More from Purdy: “The investigation was touched off by evidence of those connections between Russians and the people around Trump and no evidence has yet emerged establishing a direct link between the campaign and Russia’s election meddling. But the story is unfolding.”
That, it is. And the fact that it continues to unfold exposes a problem in that October 2016 story on the FBI, starting with the headline, “Investigating Donald Trump, F.B.I. Sees No Clear Link to Russia.” That formulation sounds pretty definitive and sends a reader into the story with the notion that there’s not much in the way of smoke in this investigation — even though the piece itself acknowledges that the investigation is ongoing. Consider that the initial headline read, “After Lengthy Inquiries, Officials Doubt Trump Has Direct Link to Russia.”
Again, those words may be technically accurate — while at the same time being terribly incomplete. As we learned over the weekend, the FBI kept the Papadopoulos thing very secret. Extremely secret, as the Papadopoulos story makes clear:
With so many strands coming in — about Mr. Papadopoulos, Mr. [Carter] Page, the hackers and more — F.B.I. agents debated how aggressively to investigate the campaign’s Russia ties, according to current and former officials familiar with the debate. Issuing subpoenas or questioning people, for example, could cause the investigation to burst into public view in the final months of a presidential campaign.

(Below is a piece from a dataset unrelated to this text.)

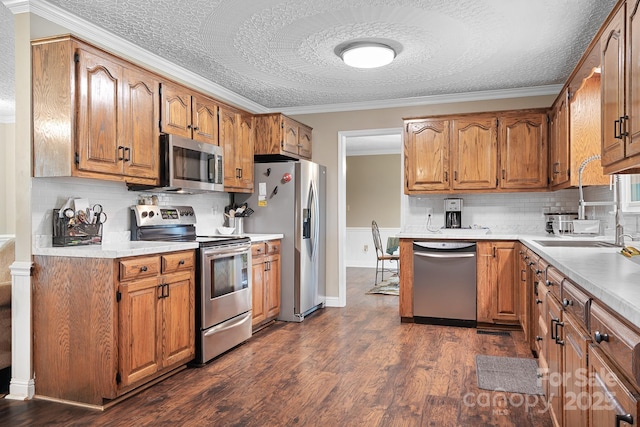 4026 Biggerstaff Rd, Maiden, NC 28650 - kitchen with appliances with stainless steel finishes, decorative backsplash, brown cabinetry, a textured ceiling, and dark wood-style flooring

It could also tip off the Russian government, which might try to cover its tracks. Some officials argued against taking such disruptive steps, especially since the F.B.I. would not be able to unravel the case before the election.
The point here is that that October 2016 story purported to draw relatively sweeping conclusions about inquiries that were carefully shrouded within the FBI itself. This could well be a case of a news organization not appreciating what it didn’t — or couldn’t — know.
As a postscript, this isn’t the first time that the New York Times has been presented with gripes regarding the October 2016 story. Twitter has been afire with complaints about the story. And back when the New York Times had a public editor, the issue surfaced to great contention. Liz Spayd, who has since been relieved of her duties monitoring the newspaper from the inside, wrote in January 2017 that the New York Times was too timid in reporting what it knew about the goings-on. She cited the Slate story about the server communications and a Mother Jones story previewing the much-talked-about opposition research on Trump-Russia ties — later to be known as the “dossier” — as possible models for how the New York Times could have approached the story. At the time, this blog dissented from Spayd’s conclusion, perhaps prematurely: In March, CNN reported that the FBI had continued looking into the server contacts.